I have no issues flipping cars when their purpose is fulfilled. They’ve not been a status or ego things since the teenage years. That’s certainly the plan as soon as we’re parked up in Gore. The caravan however, also represents significant capital that could be liberated. Furthermore, it may not weather well in the cold and damp of the deep south very well. It may be best to flick that on too and leave the future to sort itself out.
That’s a fairly big psychological hurdle for me though. Not only does it represent tied up capital, it also represents a means to responsibly manage my dogs on others’ property. In short, it represents an important back-up where there is no certain plan for the future. That’s a big call. In a more conventional sense, I’m attached to the time investment I made in renovating it and the fact that it is set up especially to meet our needs.

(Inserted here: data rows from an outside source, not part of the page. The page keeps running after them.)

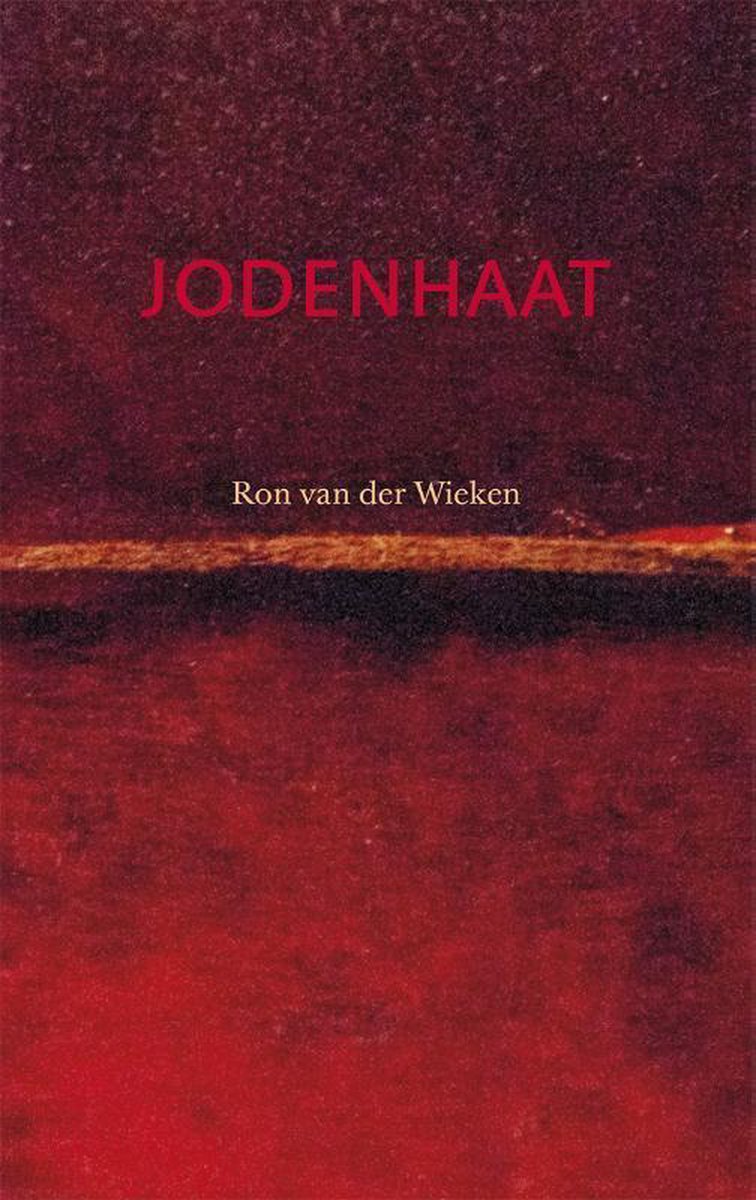 Ron van der Wieken Jodenhaat thumbnail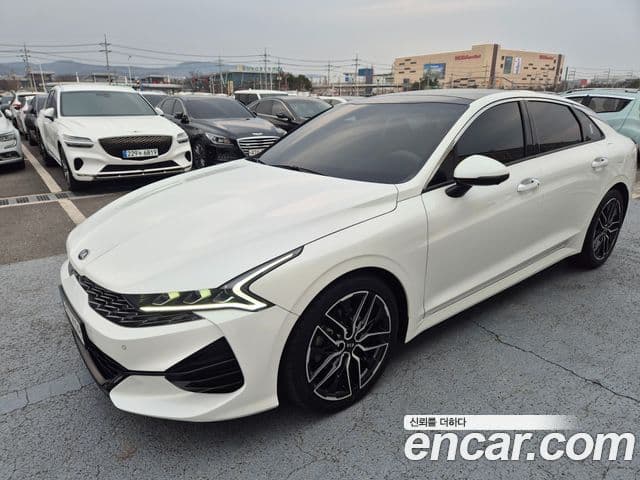 Kia K5 2020 — Şəkil 2/17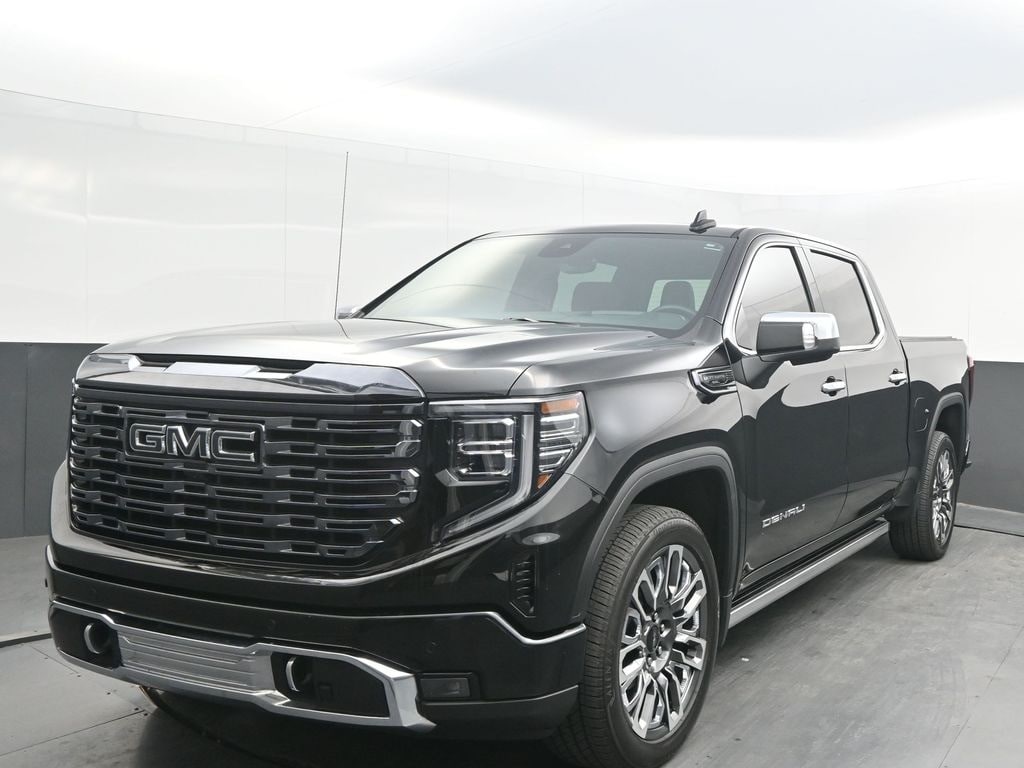 Used 2024 GMC Sierra 1500 Denali Ultimate Truck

So, whether I decide to keep or sell it, I’ve begun the process of detaching from the caravan. And I gotta tell ya, it feel good. Lighter somehow. As one of the other tenants here flippantly said of my proposed adventure “Freedom’s just another word for nothing left to lose”. This line from the famous song of the same name has been lingering in my thoughts. It’s really quite profound the difference that release of attachment has made and it’s another step toward discovering just how little I need to live in relative comfort.
This process has also brought to mind how long this process has been. It occurred to me that tit has not been just this year. Not really. While my childhood was in family homes of three, four and five bedrooms, my adulthood has been in several small spaces. First came a tent (for over six months) while working at an outdoor camp. After a short period living back home while studying, it was off to a series of three tiny bedrooms in various share houses. A bigger room and eventually a flat shared with just my partner came next. Even that time was interspersed with army expeditions into the bush, carrying my house on my back. A month-long trip living in a car and tent was next. Followed by another month-long trip in a camper (van). Four years in tiny, shoebox-sized apartments in Korea before returning to relatively ‘normal’ accommodation in Australia. That brings us up to now… a pop-top caravan moving on to a micro-camper based on a bike trailer.
WTF?! How did that even happen? And why? I haven’t really worked that through fully in my head just yet, but I found it intriguing that it has happened without planning it. And I guess it is this history of upheaval and minimalist living that makes now relatively comfortable. Funny how life puts a pathway to opportunities before us.